* WORK TO COMPLETE *
Where the data below shows a picture, leave that picture out and copy the rest exactly.
======
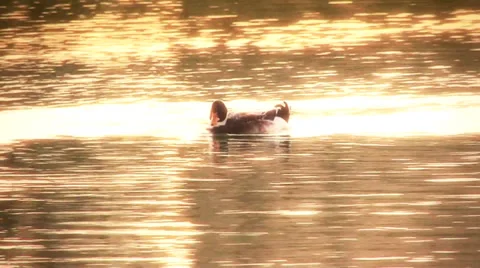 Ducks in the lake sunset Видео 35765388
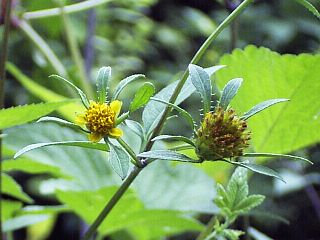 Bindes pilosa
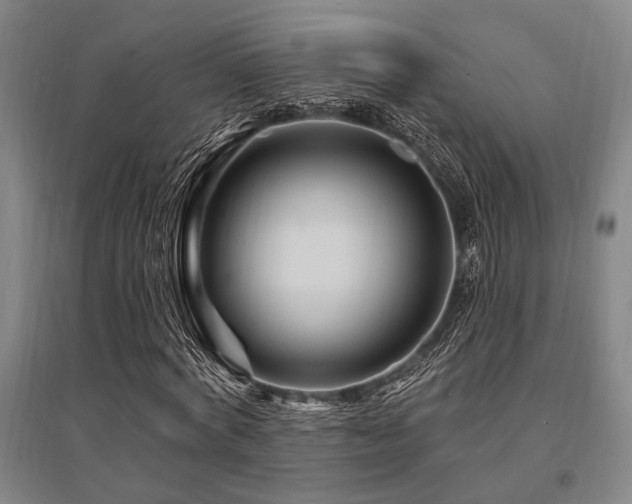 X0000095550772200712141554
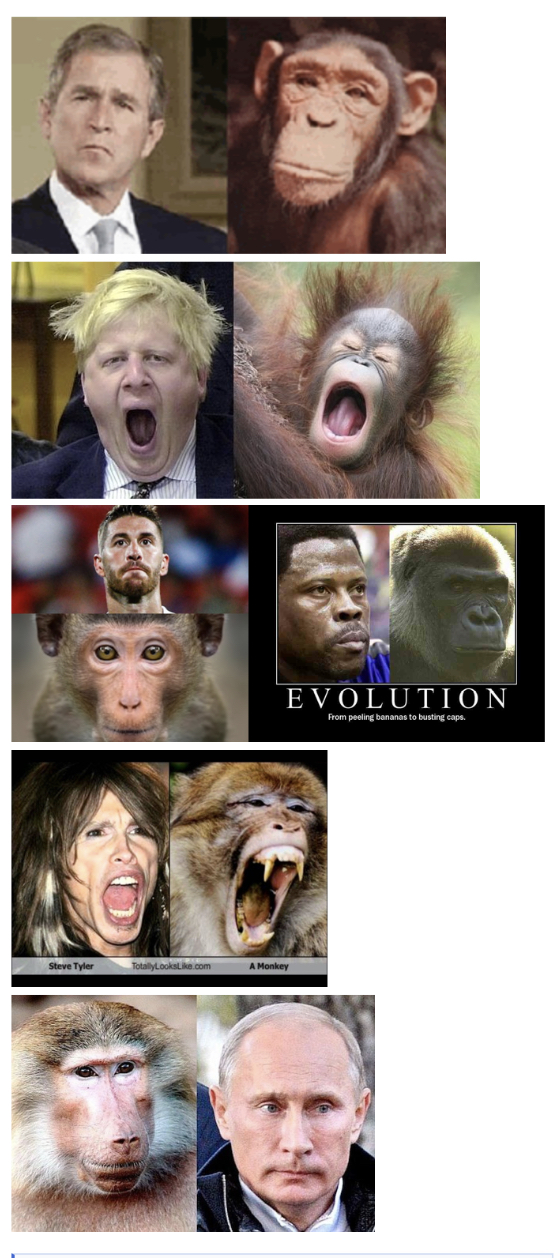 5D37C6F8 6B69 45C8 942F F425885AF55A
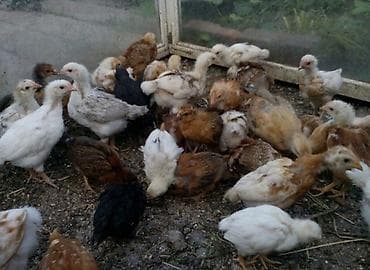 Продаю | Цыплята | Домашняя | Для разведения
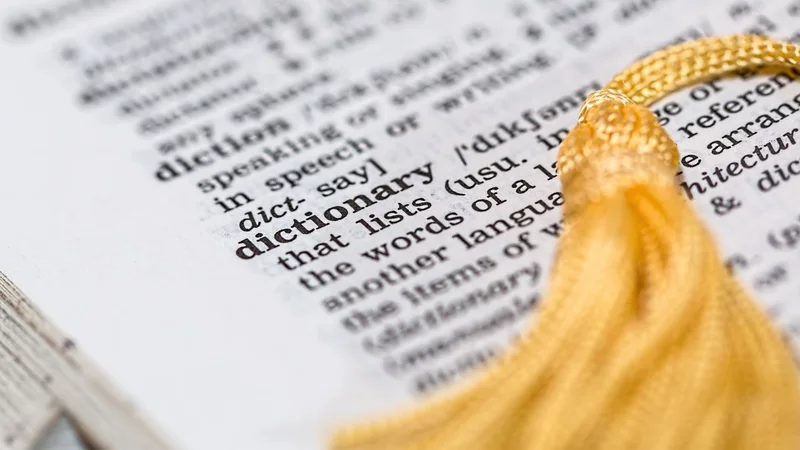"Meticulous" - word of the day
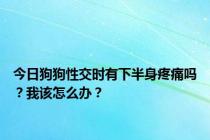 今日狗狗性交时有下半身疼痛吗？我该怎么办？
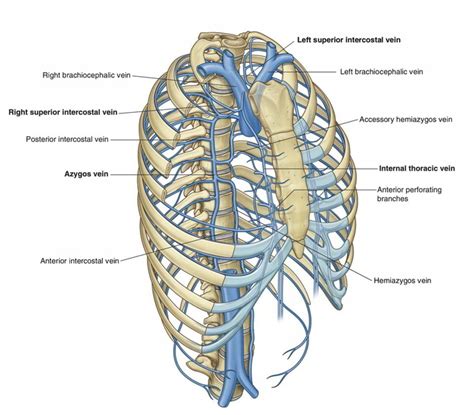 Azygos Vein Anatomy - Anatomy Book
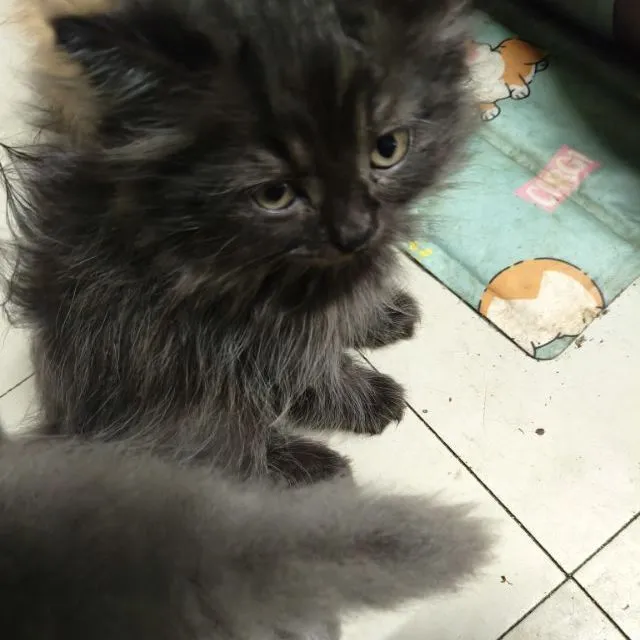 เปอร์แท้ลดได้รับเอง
======
* RESPONSE AREA *
 Ducks in the lake sunset Видео 35765388
 Bindes pilosa
 X0000095550772200712141554
 5D37C6F8 6B69 45C8 942F F425885AF55A
 Продаю | Цыплята | Домашняя | Для разведения
"Meticulous" - word of the day
 今日狗狗性交时有下半身疼痛吗？我该怎么办？
 Azygos Vein Anatomy - Anatomy Book
 เปอร์แท้ลดได้รับเอง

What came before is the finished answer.